If any of the handful of states that may still possess chemical weapons actually contemplate using them in similar circumstances in the future, they will be forced to recall that NATO is prepared to use military force in a war in which it was otherwise unwilling to intervene. For states with even modest conventional capabilities, it is difficult to see how adding chemical weapons to an attack during a regional war (or a civil war) could possibly give a strategic benefit that would not be completely outweighed by the risk of drawing in the great powers.
To date, modern history of chemical warfare has been dominated by the Iran-Iraq War, in which the United States not only failed to condemn the use of chemical weapons by Iraq, but in fact provided intelligence reports that Iraq went on to use to identify targets for its chemical munitions.
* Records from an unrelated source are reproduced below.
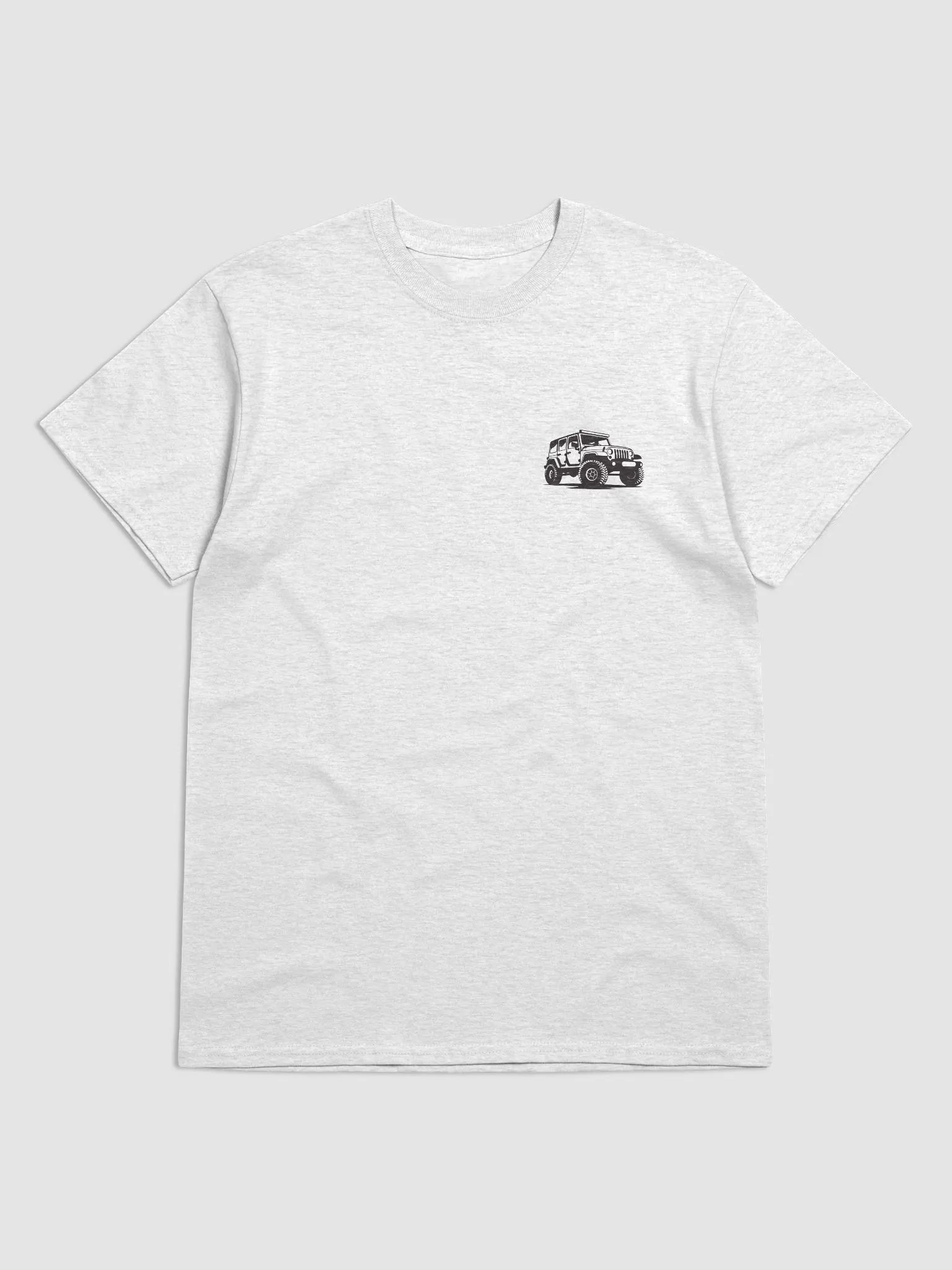 Off-Road Adventure Silhouette product image (11)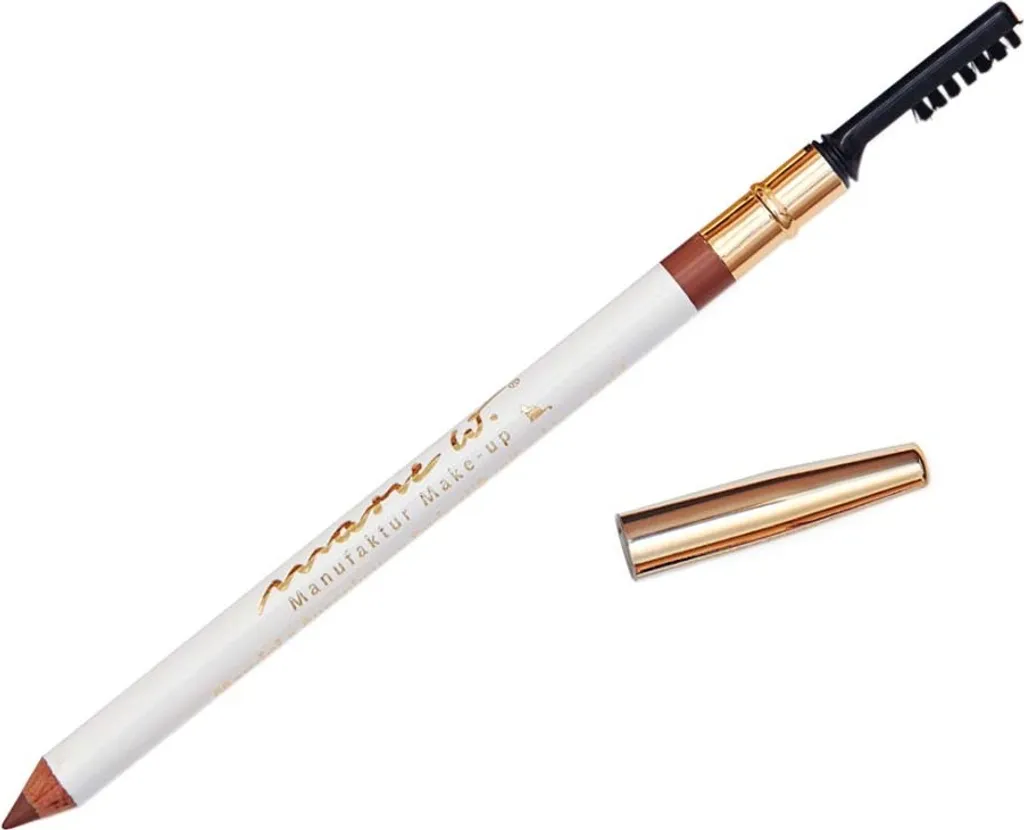 Crayon poudre pour sourcils 01 Blond Cendré 4,2g effet naturel densifiant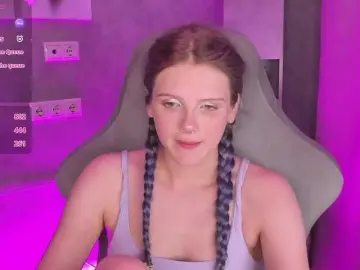 Bongacams Live Porn of Alisa-Allison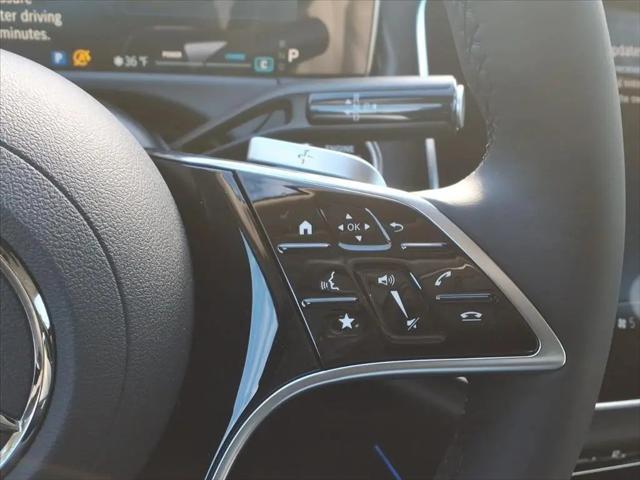 2026 Mercedes-Benz E 350 E 350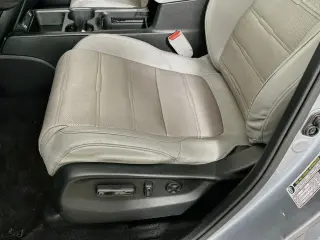 Honda CR-V 2020 AWD EX-L 4dr SUV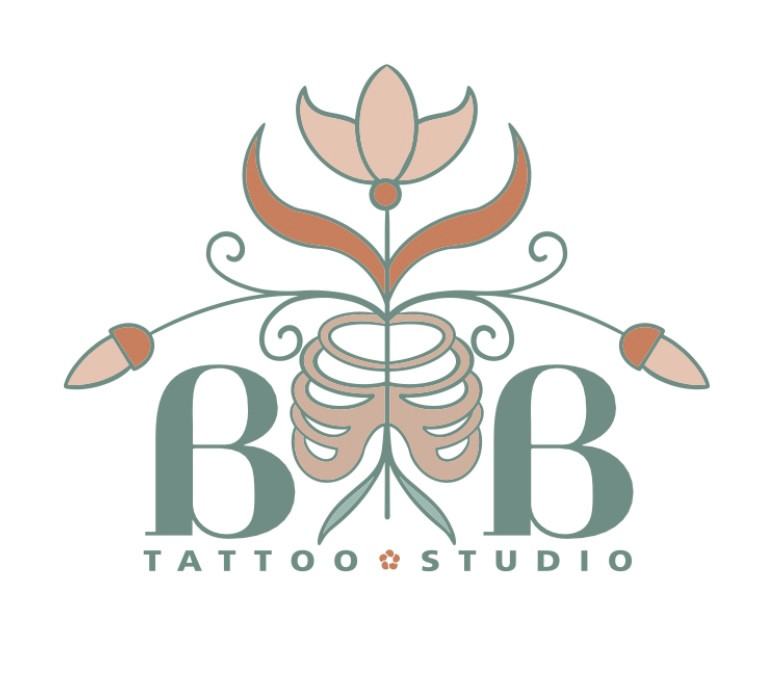 Bone & Blossom Tattoo Studio in Lombard, IL (6)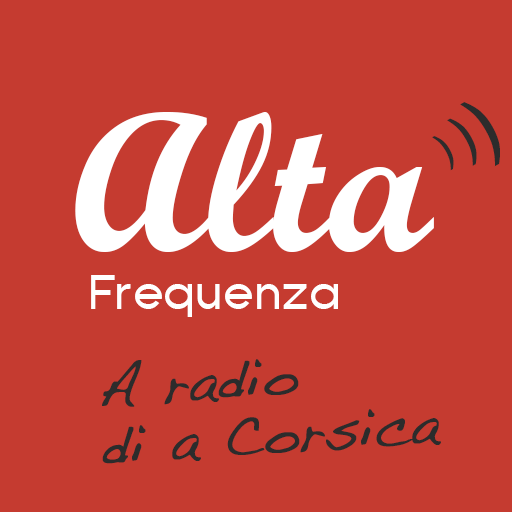 Alta Frequenza logo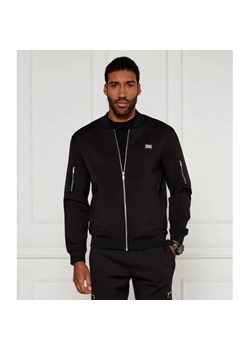 Karl Lagerfeld Kurtka bomber | Regular Fit ze sklepu Gomez Fashion Store w kategorii Kurtki męskie - zdjęcie 184514046
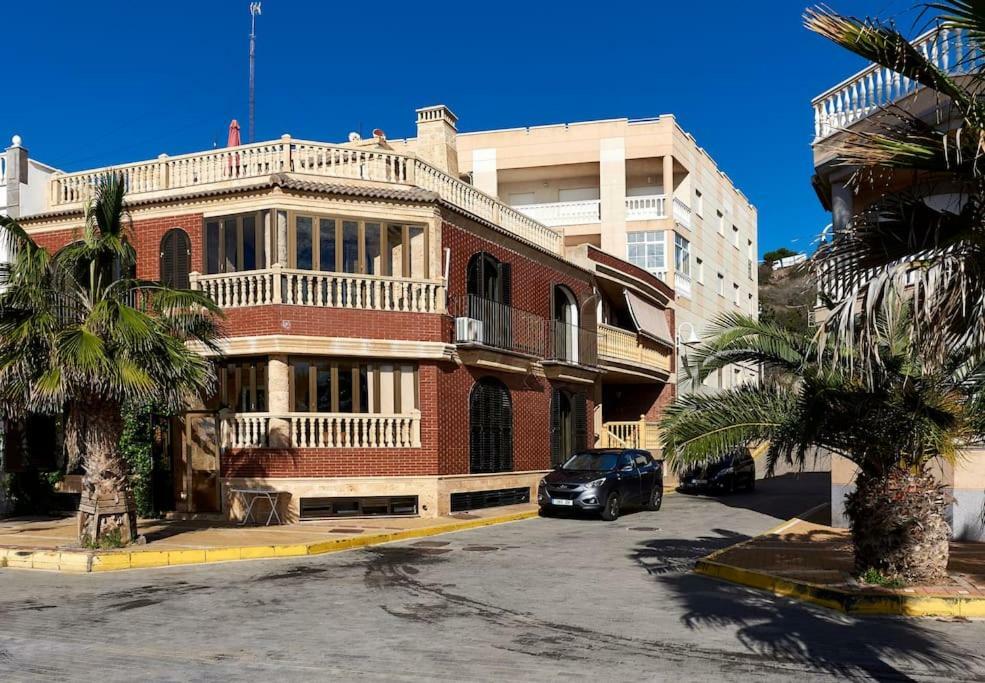 Villa Casa De Sueño En La Playa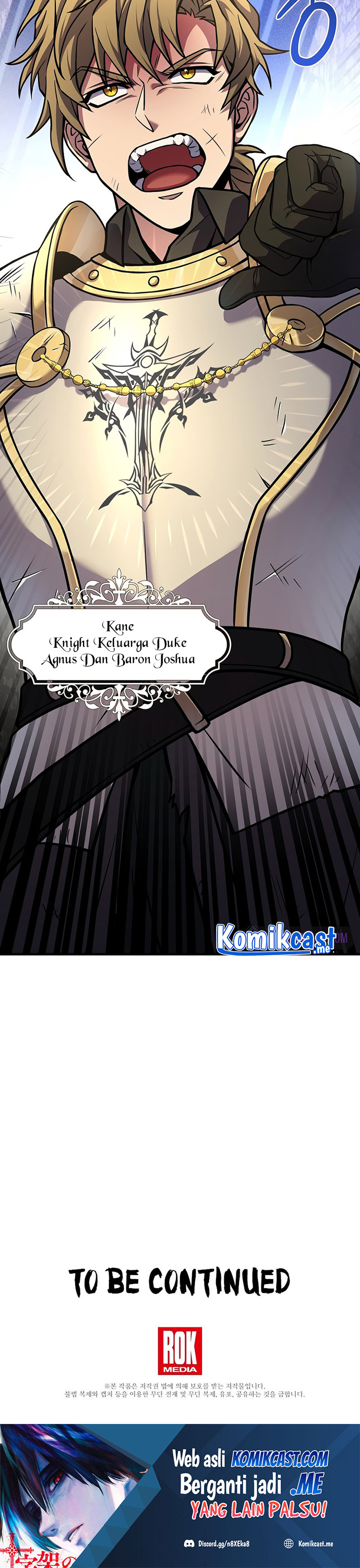 Return of The Greatest Lancer - Chapter 55 33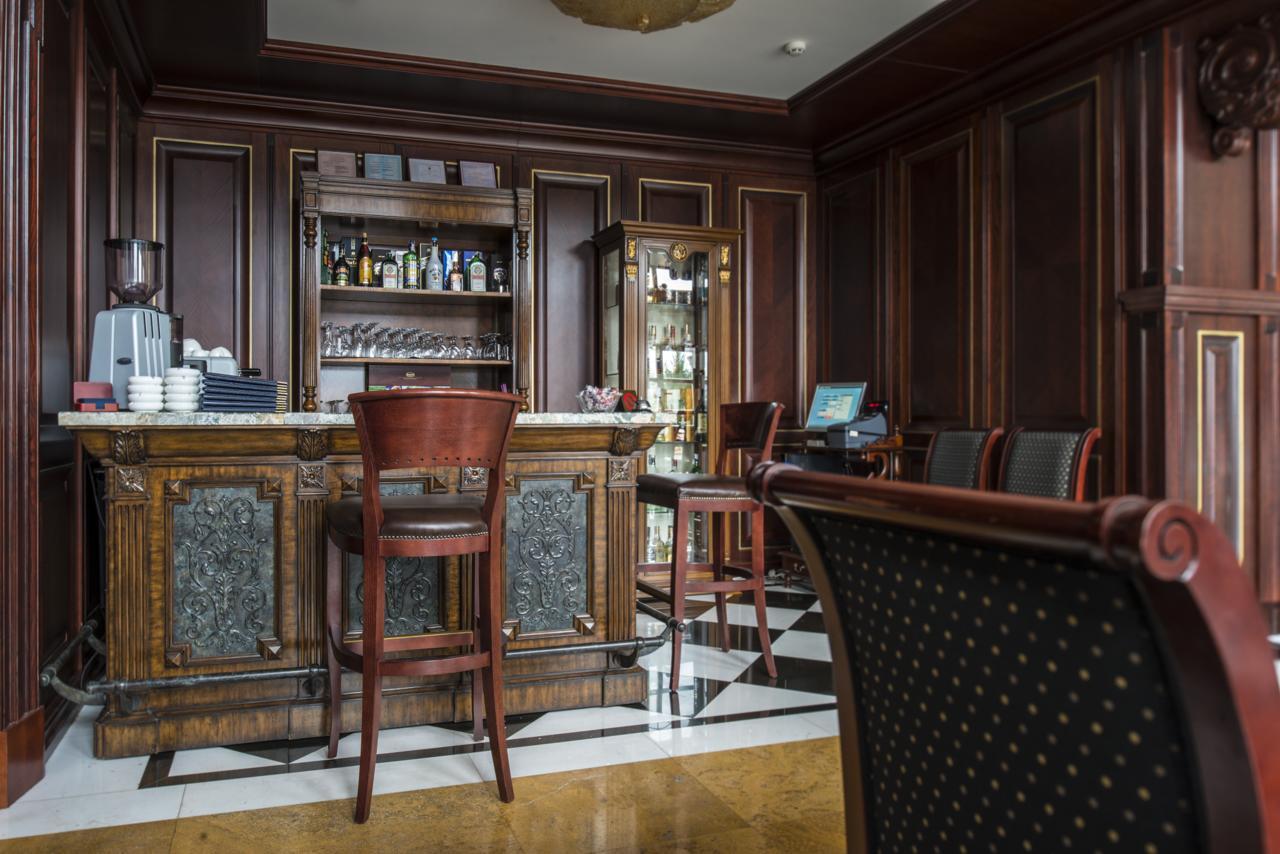 La Gioconda Boutique Hotel โอเดสซา ภายนอก รูปภาพ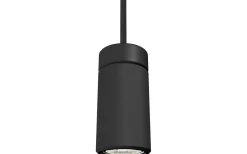 Fönsterlampor-Herstal Holder Fönsterlampa 12,5cm Svart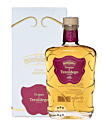 Bertagnolli Grappa di Teroldego Barrique / 42 % Vol. / 0,7 Liter-Flasche in Geschenkbox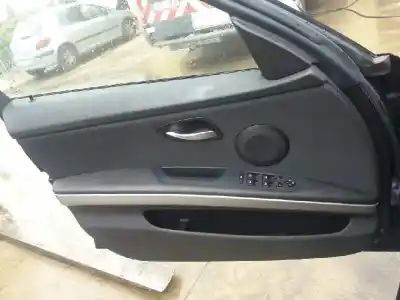Pezzo di ricambio per auto di seconda mano rivestimento porta anteriore sinistro per bmw serie 3 berlina (e90) 320i riferimenti oem iam 914314701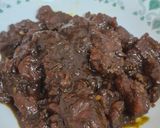 Foto langkah ke 3 dari resep Daging Age Khas Jawa Timur.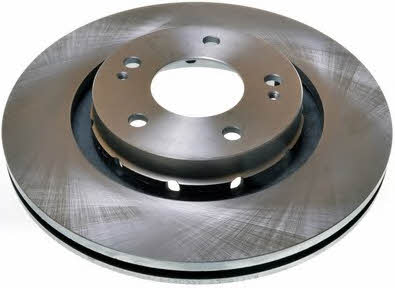 Denckermann B130331 Front brake disc ventilated B130331: Buy near me in Poland at 2407.PL - Good price!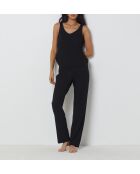 Pantalon Eliana noir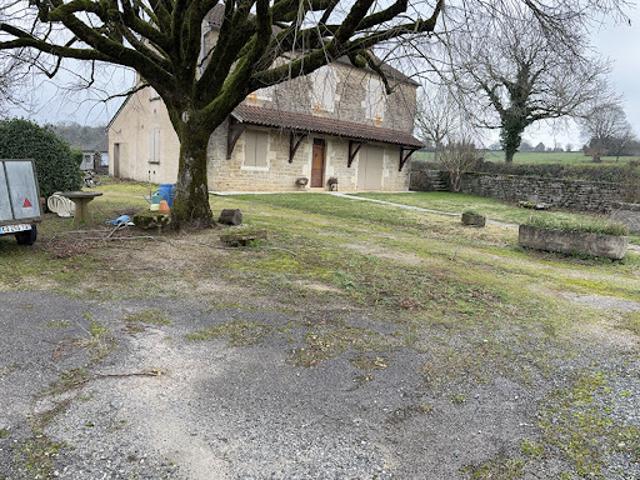 Maison vente à Miers, Lot
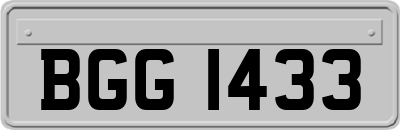 BGG1433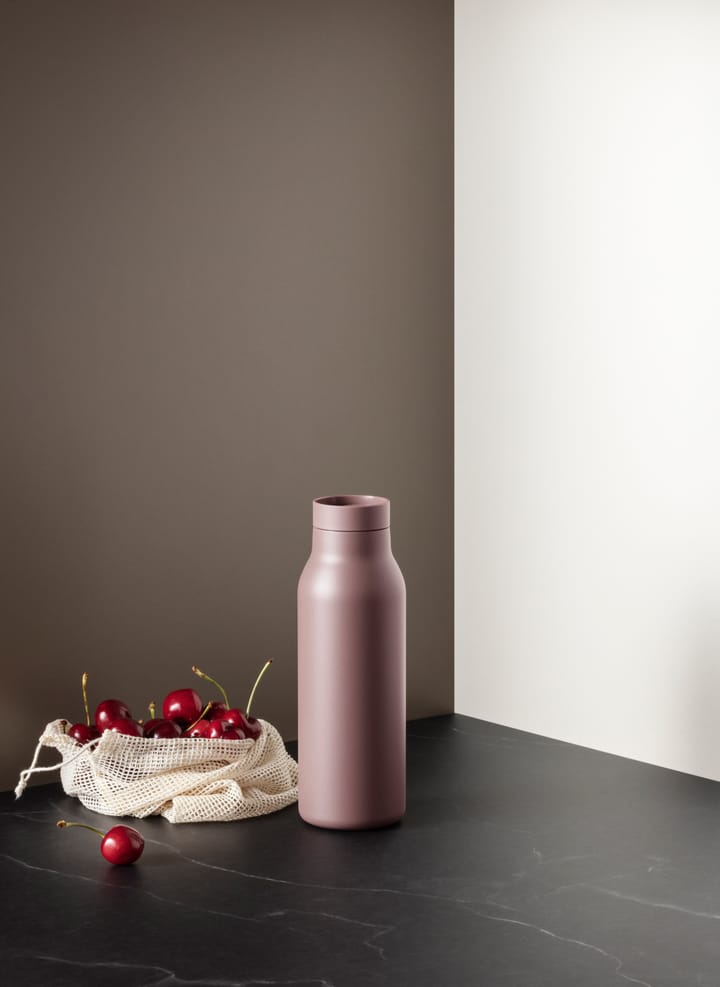 Eva Solo Urban termoflaske, Vintage brown Eva Solo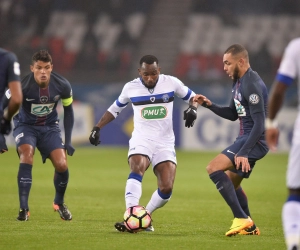 Officiel : Un ancien joueur de Lille et Valenciennes signe au RWDM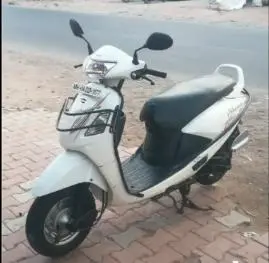 Hero Pleasure 100cc 2013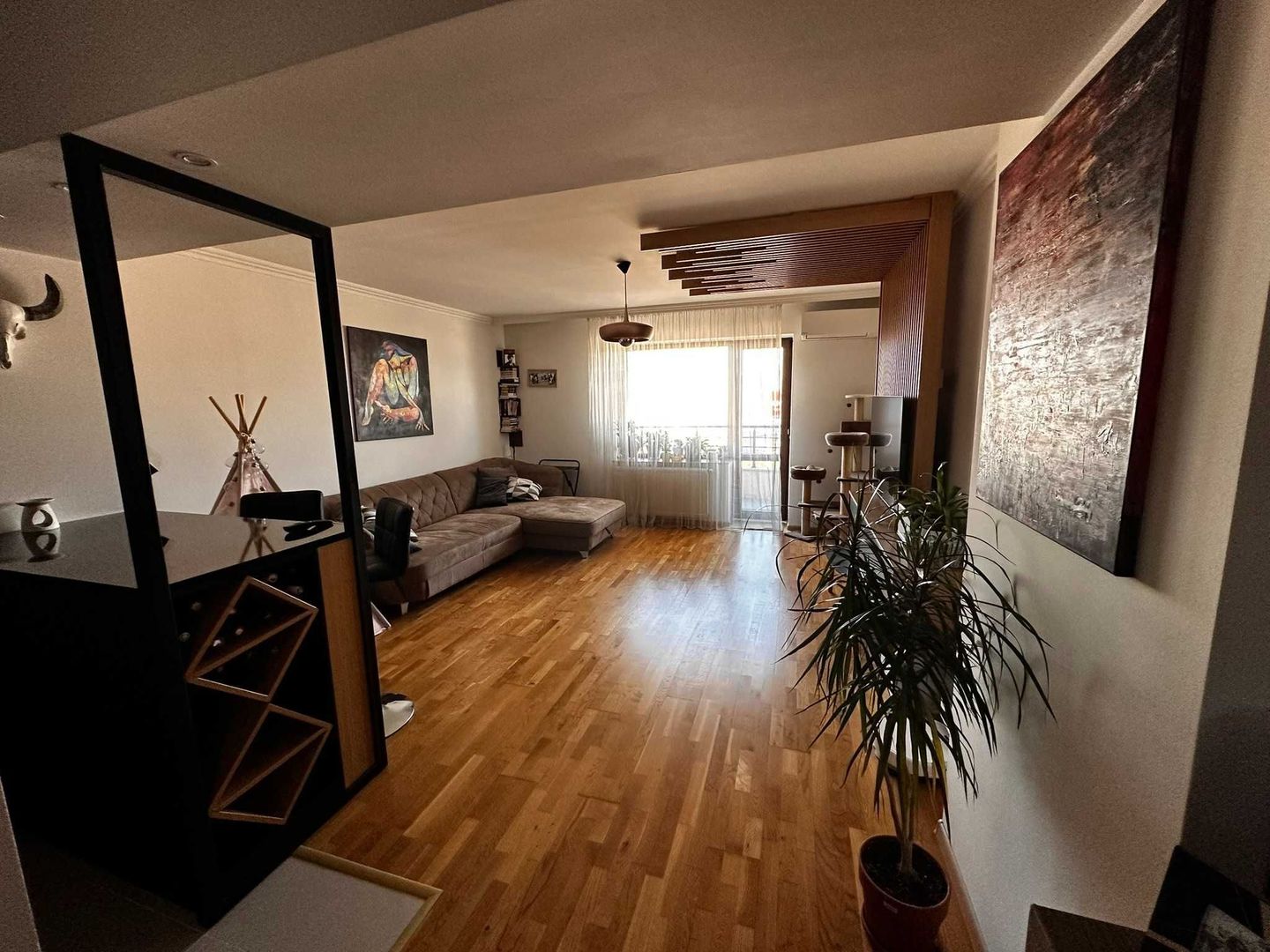 Apartament 3 camere 100 mp Sector 2 , Morarilor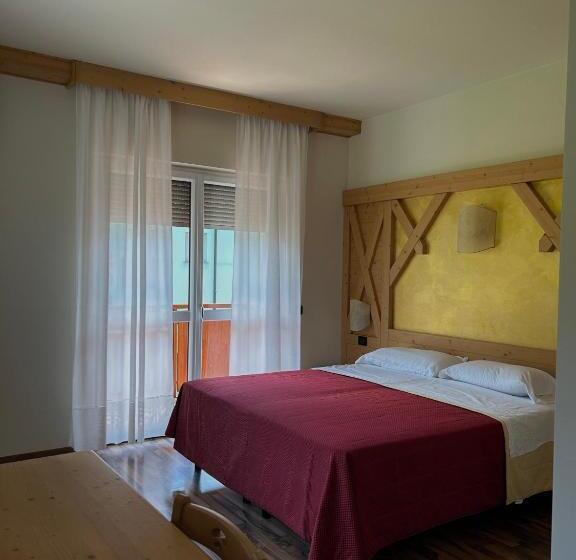 فندق Continental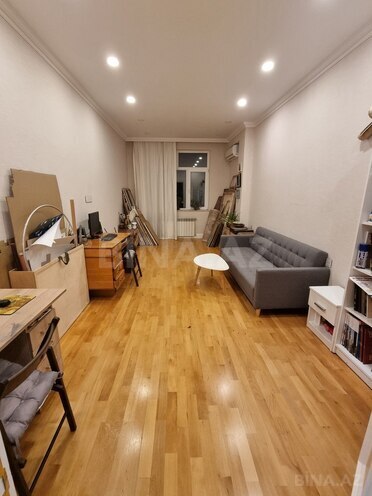 Продаётся 3-комн. новостройка 141.2 м², м. Мемар Аджеми, photo 19 from 28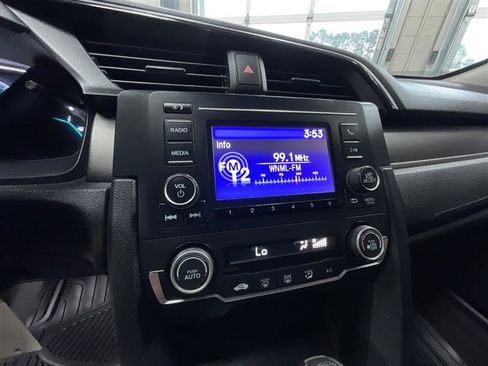 Used 2021 Honda Civic LX image 16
It is particularly important for the United States to send a message about the consequences of using chemical weapons in the twenty-first century. In the last month, diplomacy and the threat of military action have produced progress with respect to the chemical weapons issue, even though there is still no end in sight for the war.
Due to the relative ease of synthesising poisonous gases, even sarin and other nerve agents, it is likely that the world will continue to face threats from relatively small-scale chemical terrorism in the future. For the Middle East, a lot will turn on whether or not terrorist groups acquire some of Syria’s missiles. However, we may now be approaching a time when use of tonnes and tonnes of chemical agents in large-scale war-fighting can finally be confined to the history books.
Kalman A Robertson is a PhD candidate and research assistant specialising in nuclear safeguards and non-proliferation in the Strategic and Defence Studies Centre at the Australian National University’s College of Asia and the Pacific.